### Work required
On the basis of the records below, report how many lines contain the word "Listing". Nothing else should be given.

### Material for the task
================================

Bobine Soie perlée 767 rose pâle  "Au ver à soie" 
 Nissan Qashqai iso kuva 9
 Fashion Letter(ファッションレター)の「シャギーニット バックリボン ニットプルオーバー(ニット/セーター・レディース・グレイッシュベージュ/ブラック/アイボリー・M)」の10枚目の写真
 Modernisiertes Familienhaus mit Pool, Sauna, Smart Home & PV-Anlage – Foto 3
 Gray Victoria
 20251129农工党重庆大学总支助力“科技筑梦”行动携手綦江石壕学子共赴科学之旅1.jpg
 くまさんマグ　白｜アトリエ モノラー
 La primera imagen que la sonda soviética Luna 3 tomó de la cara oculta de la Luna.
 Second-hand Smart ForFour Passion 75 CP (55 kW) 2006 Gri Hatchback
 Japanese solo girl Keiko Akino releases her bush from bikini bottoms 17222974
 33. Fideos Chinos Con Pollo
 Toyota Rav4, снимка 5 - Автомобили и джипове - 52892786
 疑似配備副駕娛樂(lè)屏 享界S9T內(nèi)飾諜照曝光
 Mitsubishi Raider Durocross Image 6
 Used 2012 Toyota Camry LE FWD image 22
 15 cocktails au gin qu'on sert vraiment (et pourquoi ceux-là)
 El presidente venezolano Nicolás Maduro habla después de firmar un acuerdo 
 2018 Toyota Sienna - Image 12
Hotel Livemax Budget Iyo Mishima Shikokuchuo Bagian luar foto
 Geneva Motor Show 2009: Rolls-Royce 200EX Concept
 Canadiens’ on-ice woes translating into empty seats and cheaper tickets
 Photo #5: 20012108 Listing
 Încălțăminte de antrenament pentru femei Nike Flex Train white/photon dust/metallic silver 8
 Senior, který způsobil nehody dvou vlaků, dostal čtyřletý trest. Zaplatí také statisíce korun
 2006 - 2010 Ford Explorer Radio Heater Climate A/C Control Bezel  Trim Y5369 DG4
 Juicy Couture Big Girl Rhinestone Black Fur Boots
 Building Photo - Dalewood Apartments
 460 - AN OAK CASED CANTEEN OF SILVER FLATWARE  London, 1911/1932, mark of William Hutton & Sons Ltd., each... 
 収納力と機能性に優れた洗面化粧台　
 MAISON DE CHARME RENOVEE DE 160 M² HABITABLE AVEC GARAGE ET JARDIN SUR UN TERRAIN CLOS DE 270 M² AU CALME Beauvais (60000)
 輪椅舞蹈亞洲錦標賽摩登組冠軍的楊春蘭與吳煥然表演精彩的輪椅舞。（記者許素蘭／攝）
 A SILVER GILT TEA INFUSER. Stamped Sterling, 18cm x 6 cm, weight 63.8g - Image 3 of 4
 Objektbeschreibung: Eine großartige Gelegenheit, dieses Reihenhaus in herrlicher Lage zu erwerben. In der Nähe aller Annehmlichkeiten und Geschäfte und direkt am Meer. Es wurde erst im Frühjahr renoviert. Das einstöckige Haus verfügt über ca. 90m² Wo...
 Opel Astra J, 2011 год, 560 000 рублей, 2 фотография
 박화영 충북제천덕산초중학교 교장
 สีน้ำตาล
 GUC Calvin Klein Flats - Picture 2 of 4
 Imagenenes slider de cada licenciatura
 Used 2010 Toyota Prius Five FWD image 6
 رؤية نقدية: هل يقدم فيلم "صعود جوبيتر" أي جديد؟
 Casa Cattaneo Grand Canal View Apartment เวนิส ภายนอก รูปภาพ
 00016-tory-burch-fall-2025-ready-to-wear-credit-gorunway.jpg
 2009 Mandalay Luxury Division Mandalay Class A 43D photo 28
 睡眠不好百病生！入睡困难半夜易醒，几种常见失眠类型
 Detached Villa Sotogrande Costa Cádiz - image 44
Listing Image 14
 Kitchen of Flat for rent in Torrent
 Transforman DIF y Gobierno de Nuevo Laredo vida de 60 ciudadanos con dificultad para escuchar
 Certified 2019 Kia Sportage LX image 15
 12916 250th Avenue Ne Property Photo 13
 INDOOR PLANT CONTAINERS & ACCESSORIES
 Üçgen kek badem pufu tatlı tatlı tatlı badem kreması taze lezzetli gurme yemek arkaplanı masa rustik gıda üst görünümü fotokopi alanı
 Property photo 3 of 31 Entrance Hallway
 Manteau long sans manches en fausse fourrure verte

================================

### Answer section
2